Figure 16.7. Changes in AAL and Yield vs. Time. Laboratory mash studies illustrating changes in apparent attenuation limit over time. Data shows the responses from two different malts, Gairdner (squares) and Flagship (triangles). (Data taken from Evans et al. [2011].)
A laboratory mashing study indicated that most of the starch conversion is achieved in the first 15 min., reaching 80% AAL (compared to a typical maximum AAL of 90%) in that time. The study was designed to mimic current brewing procedures in terms of degree of crush, single temperature infusion, mash pH, and water-to-grist ratio. A graph of the data is shown in figure 16.7, which includes the responses from two different malts. The change in fermentability (i.e., AAL) between 30 and 60 min. is about 5%. The change in total soluble extract (yield) is about 1%.
Summary
For modern well-modified malts (S/T or KI = 40% or higher), maximum extract yield and fermentability can be achieved by a single temperature infusion mash with a water-to-grist ratio between 1.25 and 2 qt./lb. (2.6–4.2 L/kg), mashed at or slightly above the gelatinization temperature of the malt, which is typically about 149°F (65°C). I would recommend going a degree or three higher, i.e., 152°F (67°C) to assure full starch solubilization, at least initially. More than half of the starch conversion and dextrinization will occur within 15 min., and the majority (>75%) will be complete after 30 min. Small gains in extract (1%) and fermentability (5%) can be realized with longer mashing times.
In mixed lots of base malt, there will be more variation in the gelatization temperatures, and thus a slightly higher infusion temperature or a second mash rest at the alpha-amylase rest temperature (or both) may be beneficial for both total extract and fermentability.
A compromise of all factors yields the standard mash conditions for most homebrewers.
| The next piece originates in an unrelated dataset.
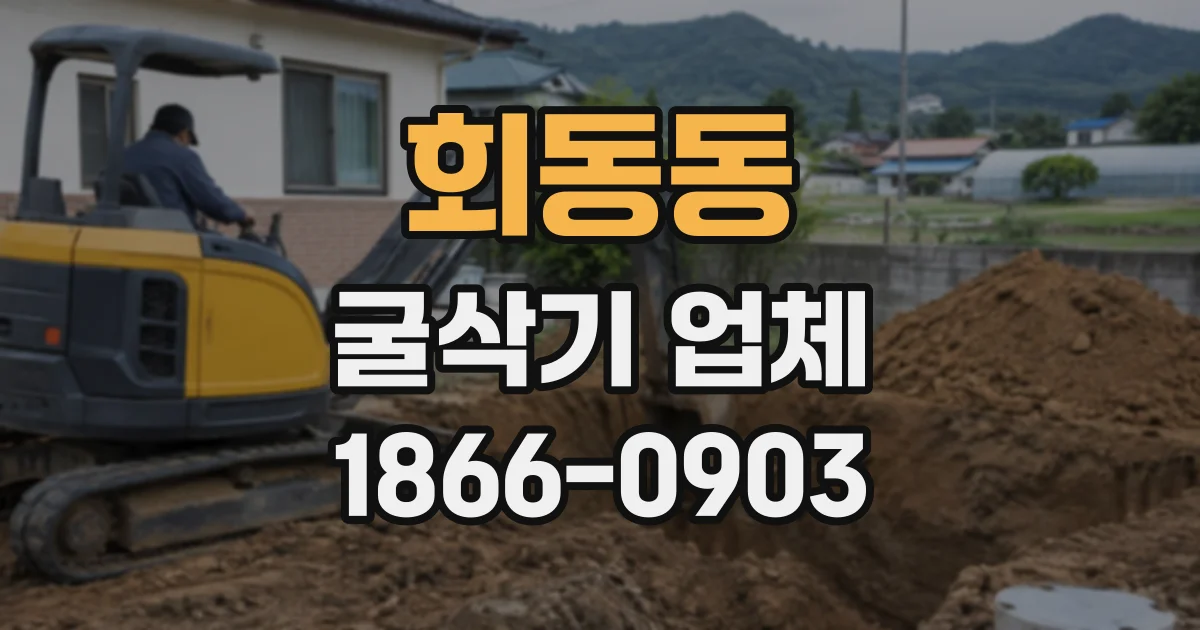 회동동 굴삭기업체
These conditions provide the best combination of high yield, normal fermentability, sufficient FAN, better foam, less haze, and reduced fatty acid oxidation with modern well-modified malts:
- • A water-to-grist ratio of about 1.5–2.0 qt./lb. (3–4 L/kg).
- • A mash pH of 5.2–5.6, measured at 77°F [25°C].
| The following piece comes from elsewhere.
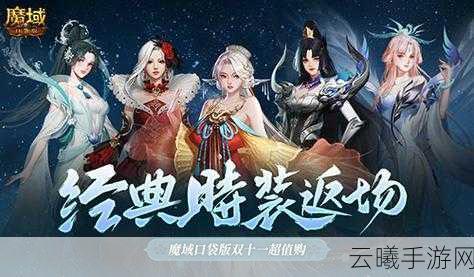 魔域口袋版新手区霸攻略,全面解析,助你光速登顶,主宰新服风云!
- • A single mash temperature rest between 149–155°F (65–68°C) for 30–60 min. Personally, I would recommend 153°F (67°C) for 60 minutes as a baseline; you can adjust from there as you gain experience with your equipment and recipes.
Alternatively, you can use a two step mash to achieve higher fermentability than a single temperature rest:
- • The first temperature rest at 147°F (64°C) for 30–40 minutes followed by 162°F (72°C) for 15–20 minutes. This schedule should achieve slightly higher fermentability, depending on your malts.